· clickhouse clickhouse-local til

ClickHouse: How to unpack or unnest an array

I recently came across clickhouse-local via this article in the MotherDuck monthly newsletter and I wanted to give it a try on my expected goals dataset. One of the first things that I wanted to do was unpack an array and in this blog post, we’ll learn how to do that.

I installed Clickhouse by running the following command:

curl https://clickhouse.com/ | sh

And then launched the clickhouse-local CLI like this:

./clickhouse local -m (1)
1 I’m passing in the -m flag to enable multi-line queries, otherwise queries are executed when you press enter.

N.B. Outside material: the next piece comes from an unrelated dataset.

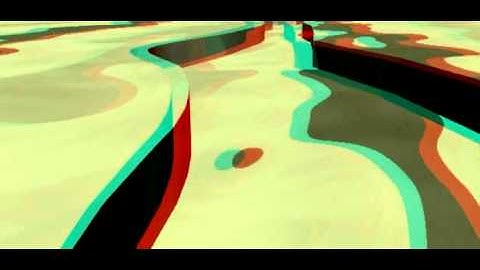 Anaglyph Red-Cyan 3d-video (made in 3ds Max)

This dataset consists of a bunch of JSON files that live in the data directory. Let’s start by having a look at one row of one of them, which I initially tried to do like this:

SELECT *
FROM file('data/*.json')
LIMIT 1
FORMAT Vertical

But that didn’t work so well:

Output
Query id: 6b1ed5fa-4e7a-4844-87f5-6c89169e63ea


0 rows in set. Elapsed: 0.411 sec.

Received exception:
Code: 117. DB::Exception: Expected field "meta" with columns names and types, found field h: Cannot extract table structure from JSON format file. You can specify the structure manually. (INCORRECT_DATA)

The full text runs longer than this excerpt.